▶ [Saved entries]:
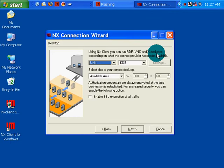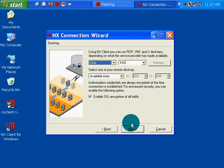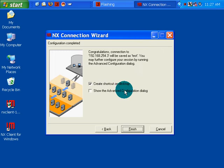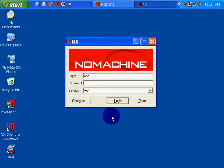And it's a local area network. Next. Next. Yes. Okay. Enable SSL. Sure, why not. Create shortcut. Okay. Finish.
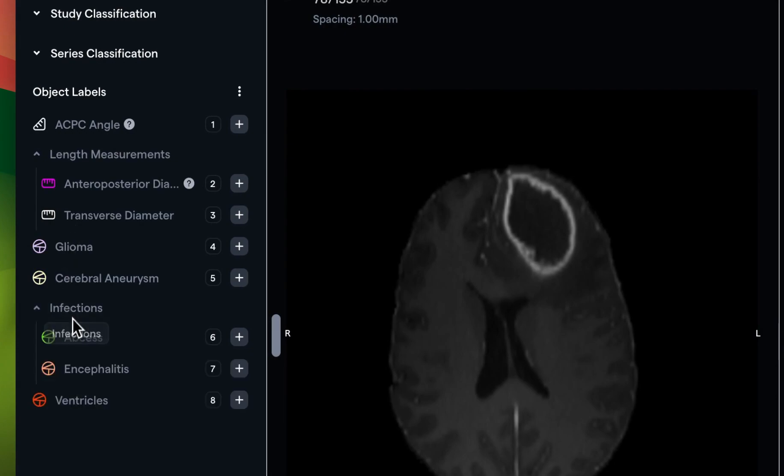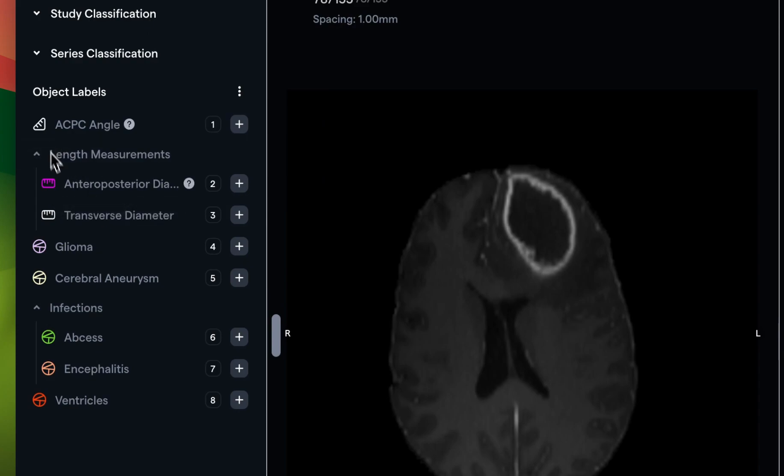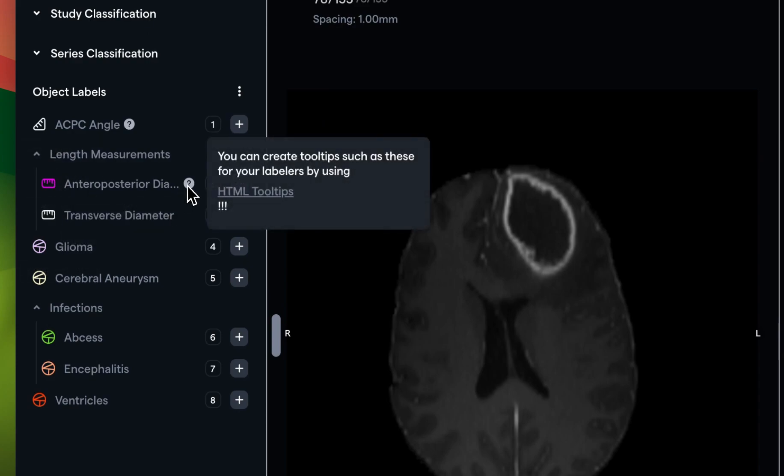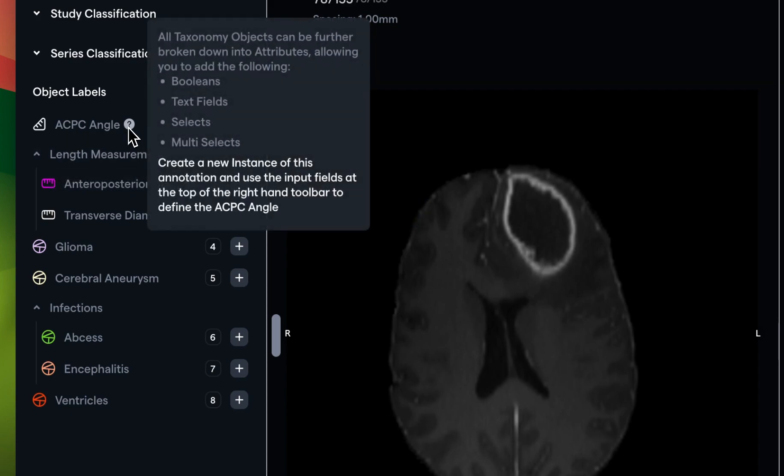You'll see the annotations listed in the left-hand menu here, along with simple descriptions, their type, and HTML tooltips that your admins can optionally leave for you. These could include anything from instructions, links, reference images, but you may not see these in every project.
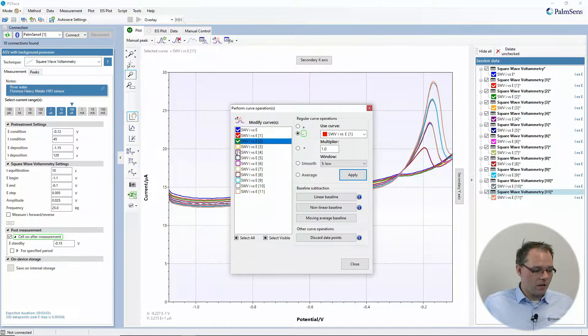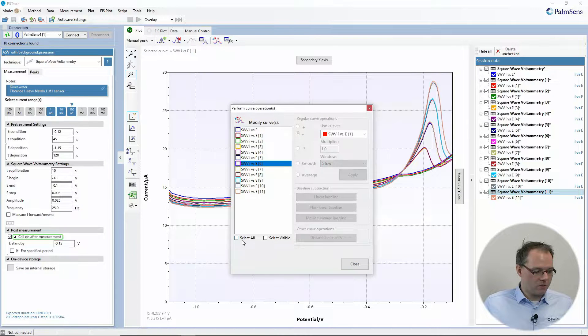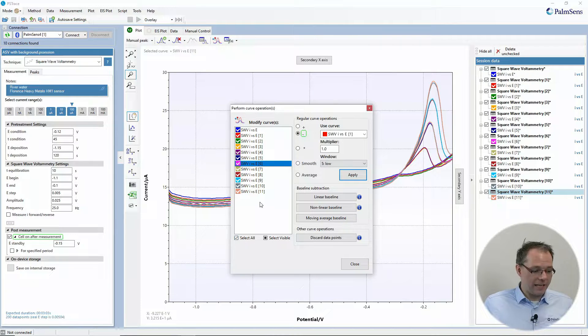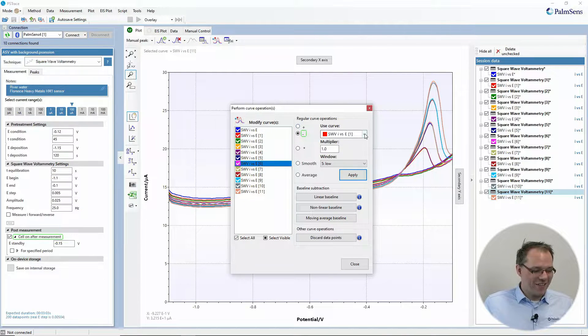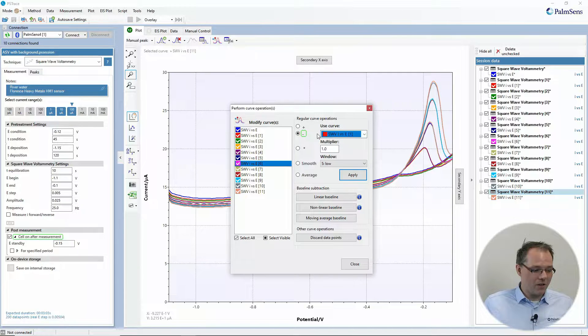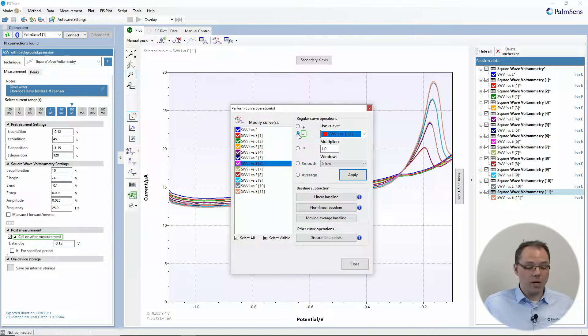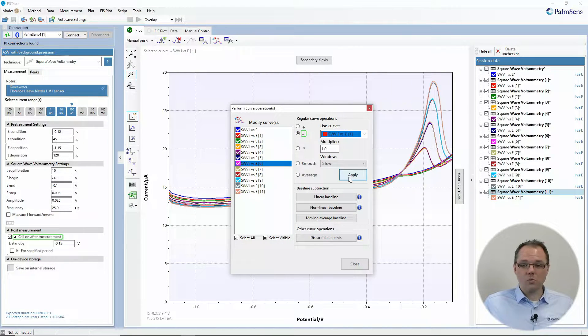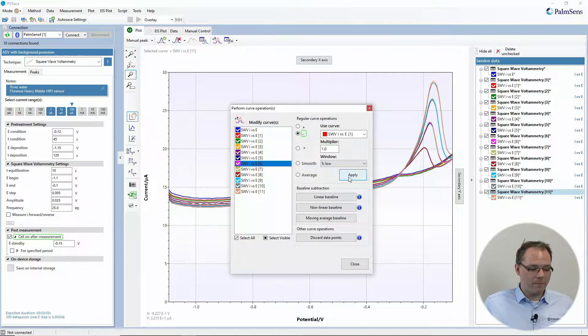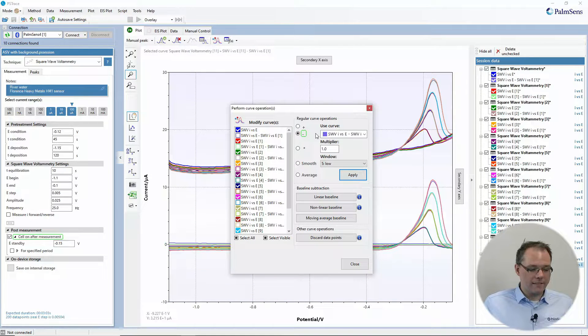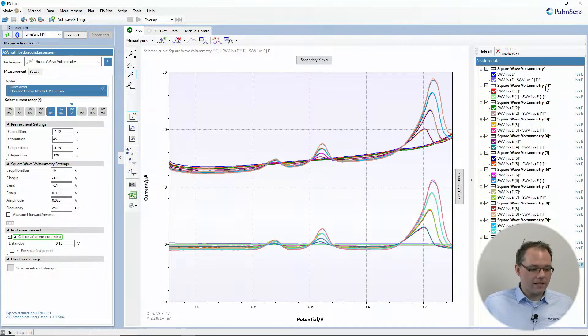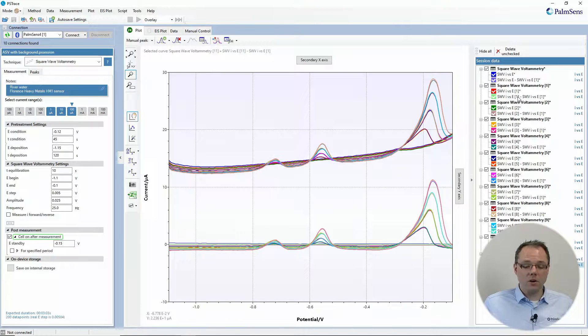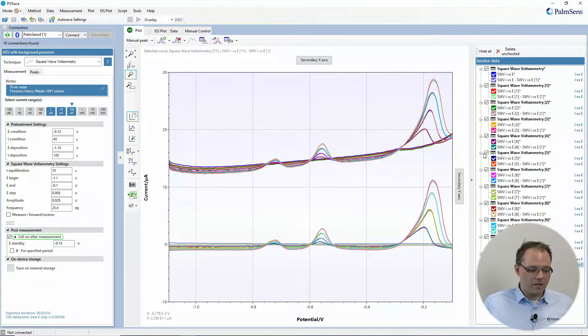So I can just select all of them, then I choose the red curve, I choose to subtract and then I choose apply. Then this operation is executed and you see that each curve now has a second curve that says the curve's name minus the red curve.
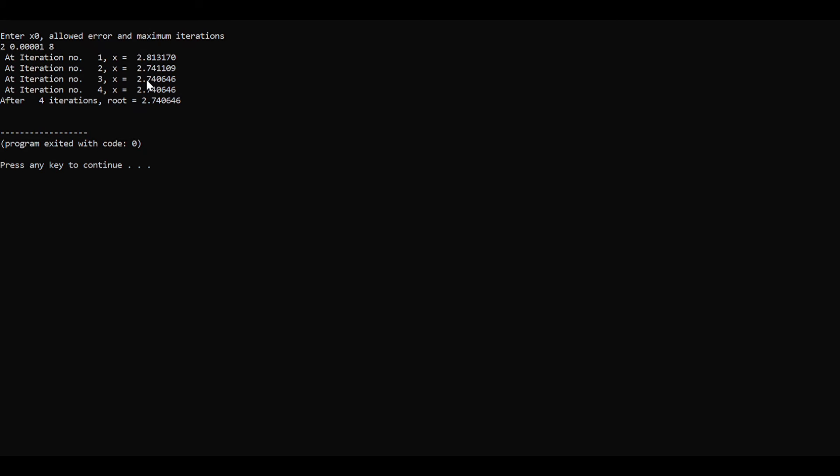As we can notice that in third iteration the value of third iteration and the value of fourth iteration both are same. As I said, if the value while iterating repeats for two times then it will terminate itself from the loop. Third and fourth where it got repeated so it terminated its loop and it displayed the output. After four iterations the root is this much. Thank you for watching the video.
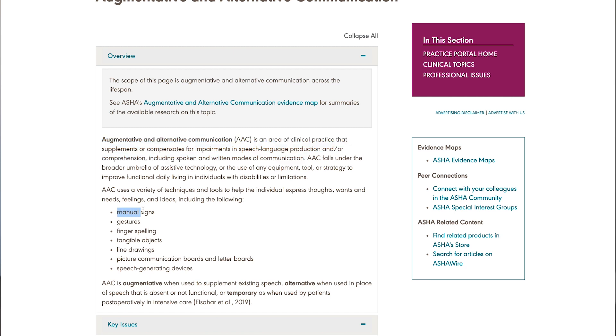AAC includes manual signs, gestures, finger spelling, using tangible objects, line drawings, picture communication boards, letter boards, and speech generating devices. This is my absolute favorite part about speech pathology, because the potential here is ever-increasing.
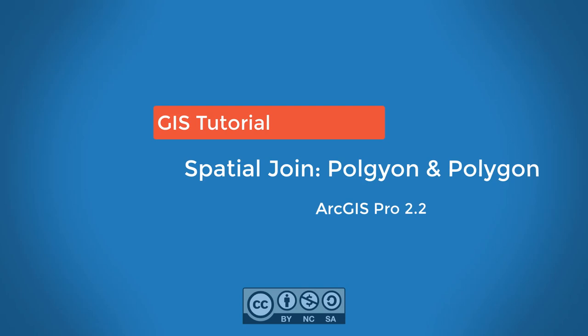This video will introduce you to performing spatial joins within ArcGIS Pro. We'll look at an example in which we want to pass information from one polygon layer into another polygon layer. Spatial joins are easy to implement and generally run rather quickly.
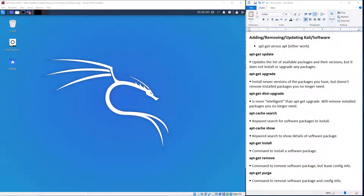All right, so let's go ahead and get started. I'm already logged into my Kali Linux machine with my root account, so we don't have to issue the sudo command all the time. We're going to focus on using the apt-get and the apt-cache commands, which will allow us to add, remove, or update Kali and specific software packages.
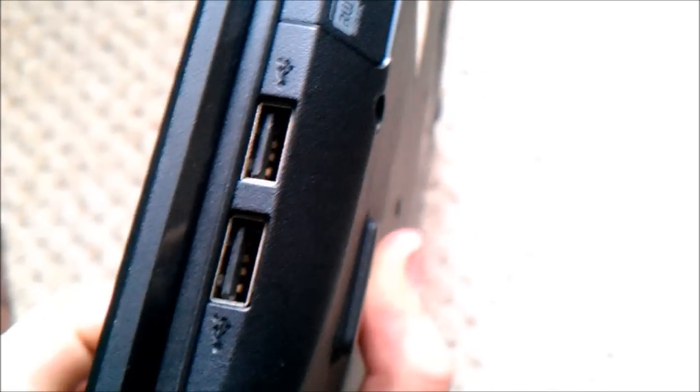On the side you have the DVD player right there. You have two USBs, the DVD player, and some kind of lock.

▶ [What to produce]:
Drop every picture and repeat the rest of the entries exactly.

▶ [Exercise output]:
And it's a local area network. Next. Next. Yes. Okay. Enable SSL. Sure, why not. Create shortcut. Okay. Finish.
You'll see the annotations listed in the left-hand menu here, along with simple descriptions, their type, and HTML tooltips that your admins can optionally leave for you. These could include anything from instructions, links, reference images, but you may not see these in every project.
So I can just select all of them, then I choose the red curve, I choose to subtract and then I choose apply. Then this operation is executed and you see that each curve now has a second curve that says the curve's name minus the red curve.
As we can notice that in third iteration the value of third iteration and the value of fourth iteration both are same. As I said, if the value while iterating repeats for two times then it will terminate itself from the loop. Third and fourth where it got repeated so it terminated its loop and it displayed the output. After four iterations the root is this much. Thank you for watching the video.
AAC includes manual signs, gestures, finger spelling, using tangible objects, line drawings, picture communication boards, letter boards, and speech generating devices. This is my absolute favorite part about speech pathology, because the potential here is ever-increasing.
This video will introduce you to performing spatial joins within ArcGIS Pro. We'll look at an example in which we want to pass information from one polygon layer into another polygon layer. Spatial joins are easy to implement and generally run rather quickly.
All right, so let's go ahead and get started. I'm already logged into my Kali Linux machine with my root account, so we don't have to issue the sudo command all the time. We're going to focus on using the apt-get and the apt-cache commands, which will allow us to add, remove, or update Kali and specific software packages.
On the side you have the DVD player right there. You have two USBs, the DVD player, and some kind of lock.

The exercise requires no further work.